Review: The Marriage Portrait

I recently bought a copy of The Marriage Portrait by Maggie O’Farrell, having been attracted by the brief description of a historical novel involving a marriage in XVI century Italy, and by the author’s biography.

Maggie O’Farrell is the author of Hamnet, winner the Women’s Prize for Fiction 2020, and the memoir I am, I am, I am, both Sunday Times  no. 1 bestsellers. She was born in Northern Ireland in 1972 and raised in Wales and Scotland. Her novel The Hand that First Held Mine won the 2010 Costa Novel Award, and The Distance between Us won a Somerset Maugham Award. She currently lives in Edinburgh.

Maggie O’Farrell

The Marriage Portrait is set in XVI century Florence and Ferrara, Italy. The protagonist is Lucrezia, the fifth child of the Duke of Tuscany, a somewhat rebellious child, who stroked a captured tiger in the basement of her father’s castle and was thought to have charmed the beast. At the age of thirteen she was betrothed to Alfonso II, Duke of Ferrara who was more than ten years her senior. He had previously been betrothed to an older sister who died. Her marriage took place when she was sixteen in Florence and she moved to Ferrara as a young duchess with a maid, Emilia, who is two years older and the daughter of her childhood nanny. There is political intrigue in Ferrara, where Alfonso’s mother has taken up a hostile alliance. One of Alfonso’s two sisters, Elizabetta, is having an affair with the captain of the palace guards, Ercole Contrari, and the other sister, Nunciata, seems hostile to Lucrezia. When Alfonso discovers the love affair between Elizabetta and Ercole, he orders that Ercole be strangled by the brutal Baldassare, the dukes cousin, while Elizabetta is required to watch. It becomes clear to Lucrezia that she is required to produce a male heir for Alfonso. She must perform her marital duty frequently. Her husband sometimes strikes her as cruel and distant and warm and loving at other times. When the couple move to a remote hunting lodge, Lucrezia is convinced that her husband intends to murder her. He refers to a marriage portrait of Lucrezia as “my first duchess”. I won’t give away the ending which is quite satisfactory, but I will say that the real first duchess, on whom Lucrezia is based, was reported to have died of a “putrid fever”, but there were rumors that she was murdered by her husband. The real Alfonso II married twice more; neither duchess produced an heir.

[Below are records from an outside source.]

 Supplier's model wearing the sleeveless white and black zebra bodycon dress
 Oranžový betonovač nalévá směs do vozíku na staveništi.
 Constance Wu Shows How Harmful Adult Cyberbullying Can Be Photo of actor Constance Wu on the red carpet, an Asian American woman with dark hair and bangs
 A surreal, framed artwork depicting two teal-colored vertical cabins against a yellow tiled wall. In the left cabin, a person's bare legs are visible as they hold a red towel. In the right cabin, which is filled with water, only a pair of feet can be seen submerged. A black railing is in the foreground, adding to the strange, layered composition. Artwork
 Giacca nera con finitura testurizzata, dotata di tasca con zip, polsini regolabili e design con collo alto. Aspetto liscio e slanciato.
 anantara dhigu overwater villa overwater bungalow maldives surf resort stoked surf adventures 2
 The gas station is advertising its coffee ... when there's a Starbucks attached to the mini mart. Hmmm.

I have only one major criticism of this novel, and that is that it is too long. It is 432 pages long, but it could be trimmed without any significant loss and it would gain urgency. Ms O’Farrell likes to describe her settings in poetic detail which makes them beautifully clear but a bit laborious. The plot of the novel is excellent. One is convinced of being immersed in XVI century Italy with characters who are living like royalty and servants can at best survive. The values and traditions of the times are captured as well. There is a frequent transition between a short chapter which is set in the final hunting lodge and an earlier, longer chapter containing events leading up to the end. This sequencing can be confusing, and I’m not convinced it is necessary to maintain the ‘is he really going to kill me?’ tension.